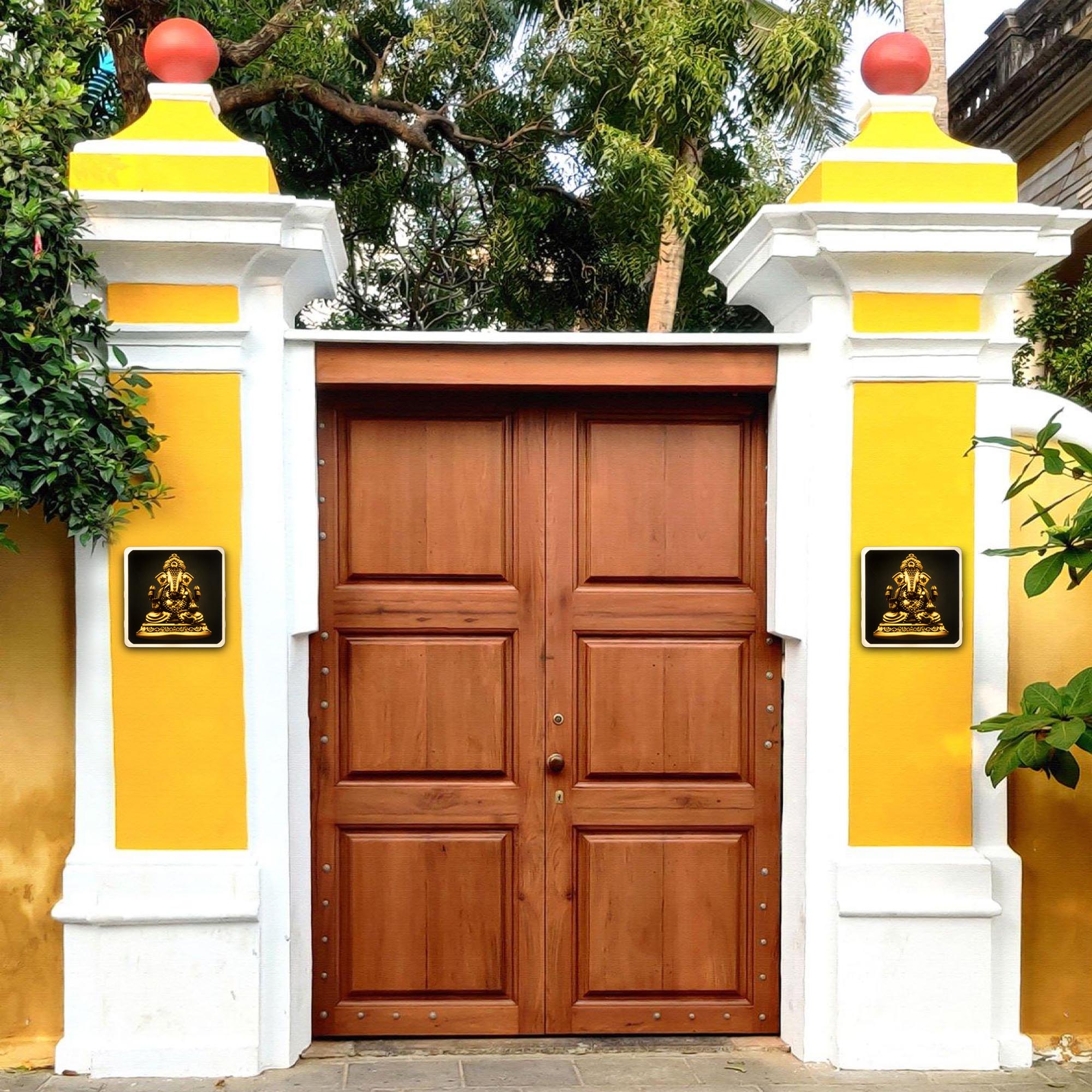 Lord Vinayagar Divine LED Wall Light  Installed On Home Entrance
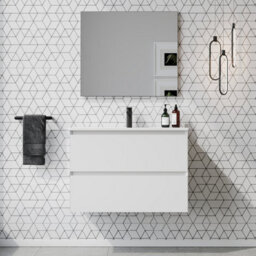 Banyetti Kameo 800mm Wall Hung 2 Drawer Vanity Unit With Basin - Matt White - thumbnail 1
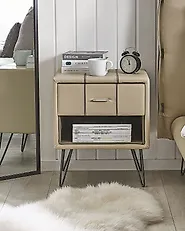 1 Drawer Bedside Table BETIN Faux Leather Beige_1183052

*YOUR OBJECTIVE*
Take the data above and set it down exactly, images excluded.

*OUTPUT FOR THIS TASK*
 Lord Vinayagar Divine LED Wall Light  Installed On Home Entrance
 Banyetti Kameo 800mm Wall Hung 2 Drawer Vanity Unit With Basin - Matt White - thumbnail 1
 1 Drawer Bedside Table BETIN Faux Leather Beige_1183052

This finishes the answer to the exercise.